Nezahualcoyotl spokesman Fernando Chavez said a passing police car was flagged down on the street by someone who reported the incident and when officers entered the home they found the mother in shock with the boy in her arms.
"Once the woman allowed local police to check the boy, they were astonished to see the boy had no eyeballs," the government said in a statement.
Mexico state prosecutor Isaac Acevedo told local media that a total of eight people had been detained and that investigators believed the mother herself gouged the boy's eyes out with her fingers.
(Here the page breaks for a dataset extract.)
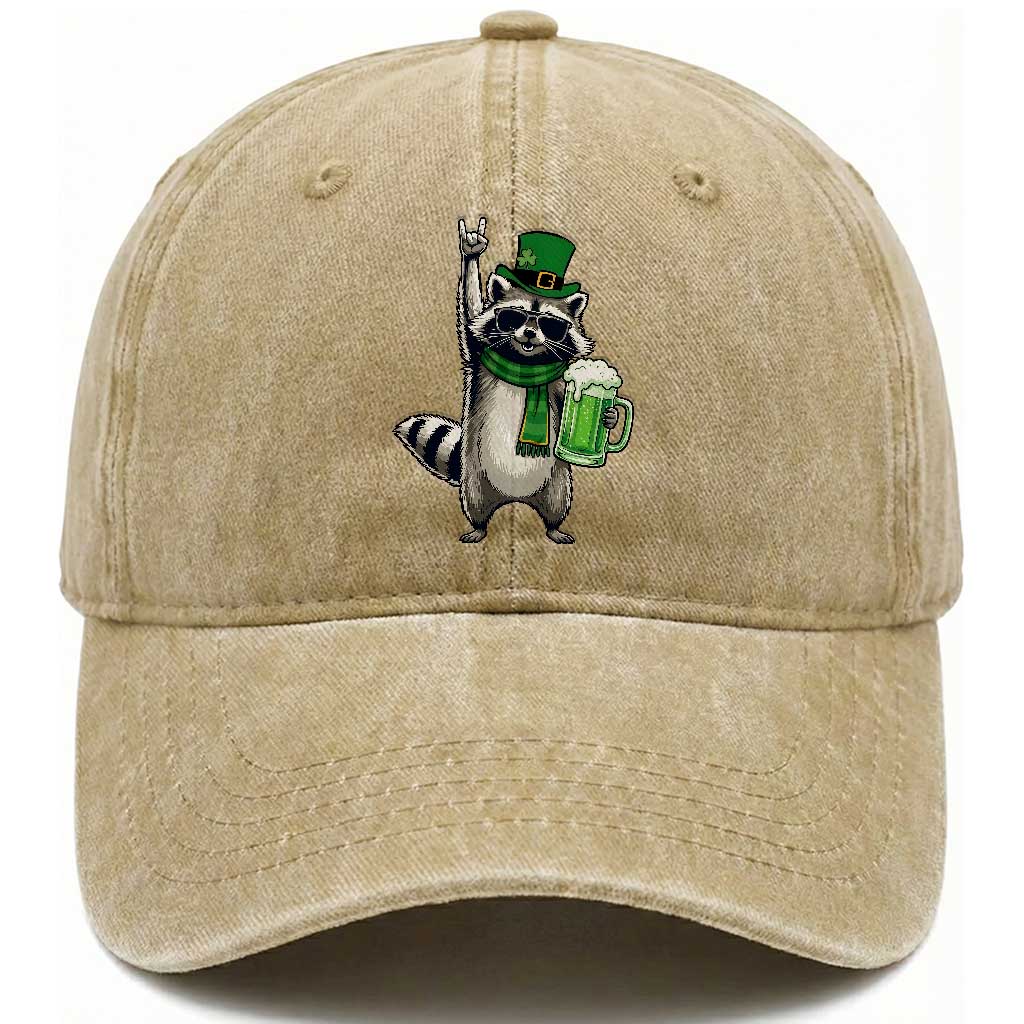 Funny Raccoon Rock On Washed Cotton Baseball Cap St Patricks Day Gift TS12 Print Your Wear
The boy's father was apparently not in the home at the time.
The crime appeared to have been part of a ritual, but was not apparently related to the Santa Muerte or Saint Death cult, some of whose followers were recently charged with the sacrificial killings of two 10-year-old boys and a 55-year-old woman in northern Sonora state, he said.
The boy's aunt and uncle were also apparently at the house when the adults began using some unspecified drug, the spokesman said. Chavez said one witness told police she had passed out under the influence of drugs and when she regained consciousness, the boy's eyes were gone.
The adults have not yet been charged in the case, but are being held pending investigation. Two children and a 17-year-old were also found at the residence.
In March, authorities in Sonora state arrested eight people for allegedly sacrificing the two boys and adult woman as offerings to Saint Death, an idol usually depicted as a robed skeleton. Followers of the cult include criminals and drug traffickers.
While statues of Saint Death are common in many poor Mexican neighborhoods, Chavez said no altar or statue of the figure was found in the Nezahualcoyotl home.
Mexico's worst case of ritual sacrifice came with the notorious "narco-satanicos" killings of the 1980s. Fifteen bodies, many of them with signs of ritual sacrifice, were unearthed at a ranch outside the border city of Matamoros, across from Brownsville, Texas.